Due sono i livelli di problematiche: uno legato all’accesso a password e alla conoscenza stessa da parte dei prossimi dei beni digitali del de cuius (in caso di scomparsa improvvisa, infatti, gli eredi se non hanno accesso alla posta elettronica del defunto, potrebbero ignorarne completamente l’esistenza); l’altro basato sulla giurisdizione applicabile, da momento che spesso tali servizi non sono basati in Italia e seguono quindi la legislazione internazionale. Problematiche simili cominciano a far capolino negli studi dei notai italiani e, oltre alla valenza patrimoniale, hanno anche un valore umano e di costume.
I problemi nascono con l’applicazione di normative vecchie a realtà nuove (create dal digitale) e all’impossibilità di trovare una soluzione a livello nazionale: i principali operatori di servizi Internet hanno sede negli USA, o in ogni caso sono multinazionali con sedi all’estero rispetto al paese in cui operano e le loro condizioni d’uso, che l’utente accetta, rinviano quasi sempre ad una legge e ad un tribunale straniero. Il Notariato italiano, così, ha pensato di occuparsi della materia avviando un un tavolo di lavoro che coinvolgesse non solo gli operatori del settore (con Microsoft e Google in prima fila a dimostrazione del loro interesse per l’argomento), ma anche studi legali ed esperti della materia. L’idea è quella di creare un sistema di risoluzione delle controversie ad hoc, una soluzione alternativa ai fori giuridici tradizionali.

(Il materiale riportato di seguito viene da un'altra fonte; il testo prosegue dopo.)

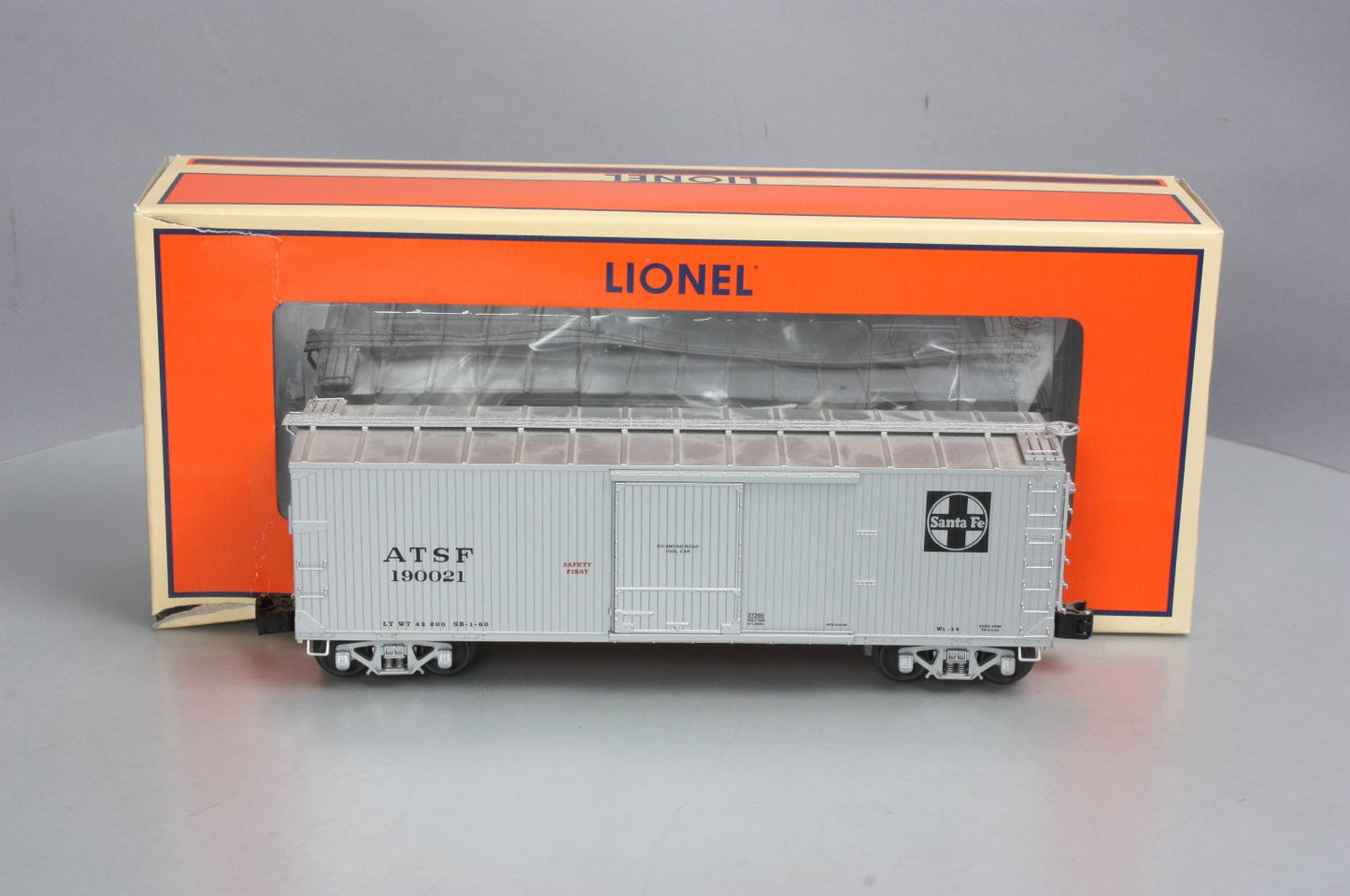 Lionel 6-27260 O Gauge Santa Fe Tool Car #190021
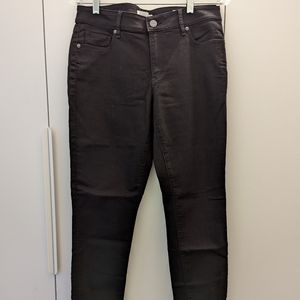 Loft Curvy Skinny Black Jeans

Spinta al progetto è stata in particolare data – spiega il prof. Pollicino – dal coinvolgimento di Stefano Rodotà e Tom Smedinghoff, della American Bar Association , massimo esperto statunitense della materia: proprio la loro inclusione è stato il volano che ha portato all’interessamento anche di Microsoft e Google e che potrebbe rendere l’esperienza italiana un modello anche per gli altri paesi.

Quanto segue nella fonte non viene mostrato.